Yes, Carnegie (or Mellon whomever he mentions) was a wonderful human being. Sure, only in the mind of illiterate actors. Yes, the societal problems start in the world of finance. Sure, only in the minds of illiterate actors.
What a barbaric conversation.

Dec. 13 2012 09:42 AM
B Sloan from Myrtle Beach, SC

Empathy is my then four year old son Philip running for his piggy bank during the Jerry Lewis Telethon in hopes that his money will help cure his friend Gregory who had muscular dystrophy. His 7 year old brother did the same. No prompting or comment from Mom was required.

Dec. 13 2012 09:41 AM
Barbara Sloan from Myrtle B

Empathy is my barely 4 year old son running for his piggy bank to give money to a Jerry Lewis telethon so it would help cure his friend Gregory, who had muscular dystrophy.

Dec. 13 2012 09:38 AM
anna from new york

This babbling about empathy is irritating. How can you teach children about empathy in a country of wrong values? In one of the most liberal states the governor is against raising of minimal wage (while his ... whatever approaches the victims with some Thanksgiving dinner - sure it will help people on minimal wage without any benefits) and the population loves, loves, loves the entire scheme.

Dec. 13 2012 09:27 AM
unkerjay from Puget Sound, WA

There's a school of thought that to get ahead requires a degree of dog eat dog mentality, to be a leader requires a degree of amorality, of psychopathy, a resistance to fragility (not to mention the "sand in the face - Charles Atlas" effect):

"The Wisdom of Psychopaths: What Saints, Spies, and Serial Killers Can Teach Us About Success"

"Antifragile: Things That Gain from Disorder"

"The War Against Boys" (The Atlantic")

"Leadership is Amoral, or Why You Want Them On That Wall…" (Fistful of Talent)

We don't do a very good job of rewarding empathy.

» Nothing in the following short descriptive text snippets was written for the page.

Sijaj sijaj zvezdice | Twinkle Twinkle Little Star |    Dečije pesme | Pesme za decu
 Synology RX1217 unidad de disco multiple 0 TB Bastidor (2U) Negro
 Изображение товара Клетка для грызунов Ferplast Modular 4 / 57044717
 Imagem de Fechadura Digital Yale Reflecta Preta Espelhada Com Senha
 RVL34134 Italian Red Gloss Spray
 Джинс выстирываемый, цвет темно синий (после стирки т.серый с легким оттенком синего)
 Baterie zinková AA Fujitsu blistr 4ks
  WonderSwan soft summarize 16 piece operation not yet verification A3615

Subsequently we don't much value empathy.

Empathy isn't seen as being a prerequisite to success in life (personal or professional).

The phrase "bleeding heart liberal" supports the point. So, for that matter too, does, "right wing wacko" or "right wing extremist".

In war, I learned, that who one would consider an enemy to be killed was dehumanized as part of that process. Look at almost every conflict we've been in, and the associated derisive slang for the Japanese, the Germans, the Italians, middle eastern combatants.

Empathy's got an uphill battle against conventional "wisdom" (or lack thereof).